The freestanding stelae at Copan inspired the artist Frederick Catherwood to record them in meticulous drawings in 1839, which helped set the art of the New World on equal footing with that of ancient Egypt and the Ottoman Empire. The English explorer Alfred P. Maudslay devised the system of number and letter designations for the stelae and altars that is still in use today (although it was later amended by Sylvanus Morley), and he took some of the most valuable and artful photographs of the stelae during his early exploration of the site. Plaster casts of the stelae made at the turn of the twentieth century were shipped to world's fairs and early museums for display. Many still stand in museum exhibition halls around the world, preserving details often eroded on the originals.

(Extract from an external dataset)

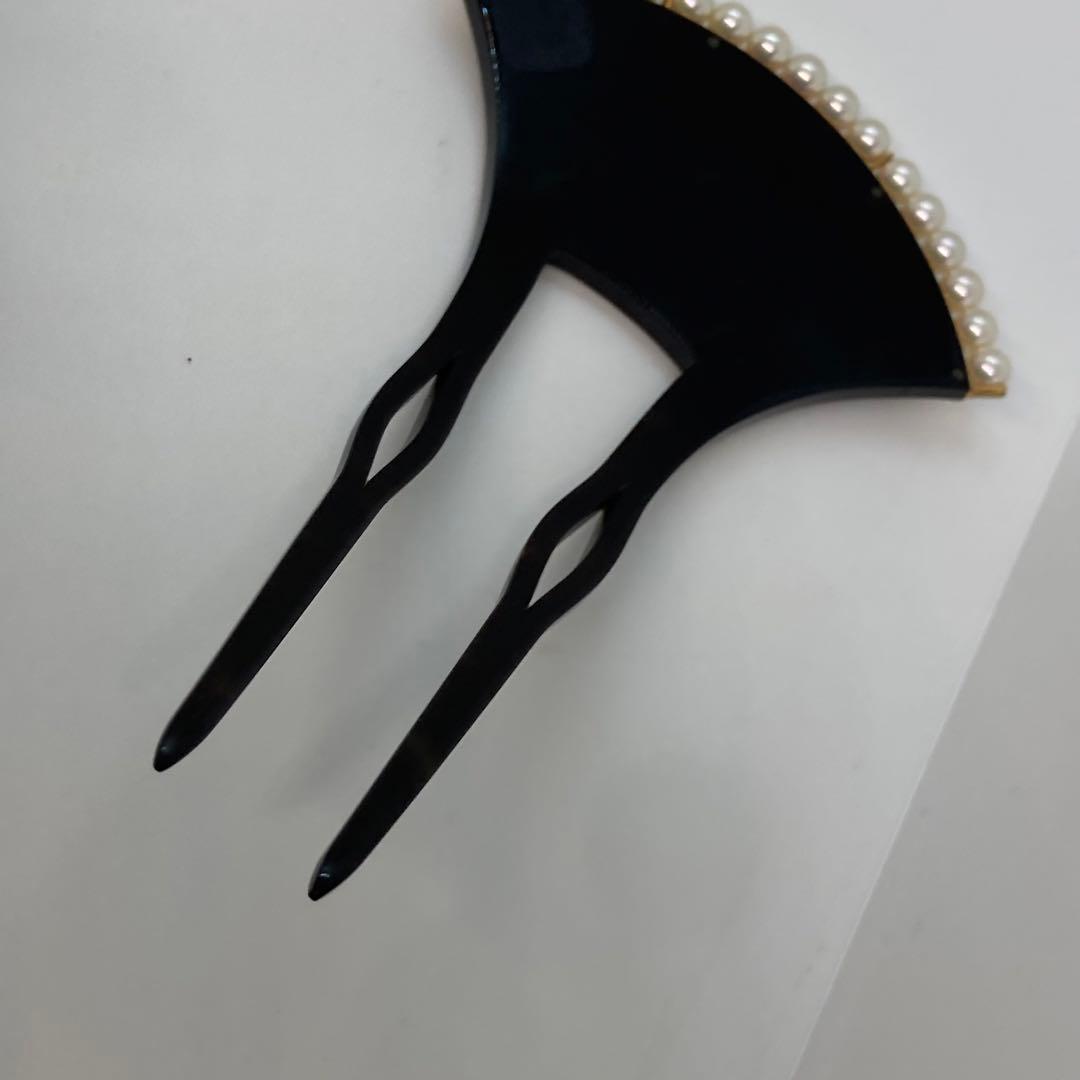 100402 結婚式　本鼈甲　黒甲　金プレート18K 真珠バチ型　かんざし　簪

It was the Copan sculptors' good fortune to have soft, workable volcanic tuff as a medium in which to express their virtuosity at carving. Sculptors are known to have inscribed their names and titles on stone monuments at a few other Maya sites, but the practice was not followed at Copan. Stylistic clues hint at the hand of one sculptor or another, but it is likely that many people worked on a monument in concert under a single master. Each stela was carved from one huge block of tuff quarried from one of the outcrops in the hills nearby. Once hewn from the outcrop, the monolith was probably rolled on logs to the spot where it was to be erected.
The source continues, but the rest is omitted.